Despite these challenges, Waters maintained high-single-digit constant currency growth both for the quarter and year-to-date, outpacing industry peers. The company also raised its guidance, which Bernstein SocGen viewed as "a welcomed signal of confidence in continued company momentum."
Waters stock currently trades at approximately 16 times EV/EBITDA, compared to 18+ multiples for peers like TMO, DHR, MTD, and TECH, according to the research note.
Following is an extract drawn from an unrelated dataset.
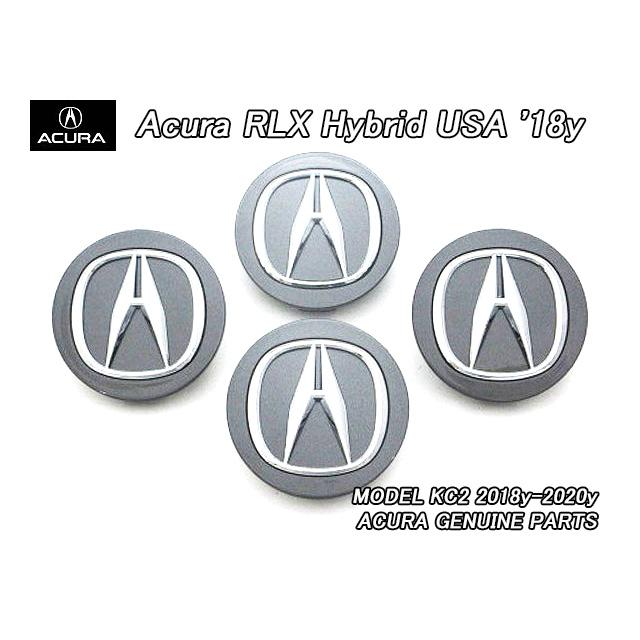 レジェンドKC2後期【ACURA】アキュラRLX純正USホイールキャップ4個(18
In other recent news, Waters Corporation reported its second-quarter 2025 earnings, with earnings per share (EPS) of $2.95, slightly surpassing the forecast of $2.94. The company also exceeded revenue expectations, reporting $771 million compared to the anticipated $748.04 million. Despite these positive earnings and revenue results, the stock experienced a minor dip in premarket trading, reflecting a cautious market reaction. Jefferies recently lowered its price target for Waters to $385 from $435 while maintaining a Buy rating, noting the company’s revenue was 3% above expectations and EPS was 2% higher than anticipated. Additionally, TD Cowen adjusted its price target for Waters to $322 from $333, maintaining a Hold rating. TD Cowen highlighted modest beats in organic revenue growth of 8% and EPS growth of 12%, which were largely in line with expectations. These developments indicate that while Waters has demonstrated solid financial performance, analysts have adjusted their outlooks on the company’s stock.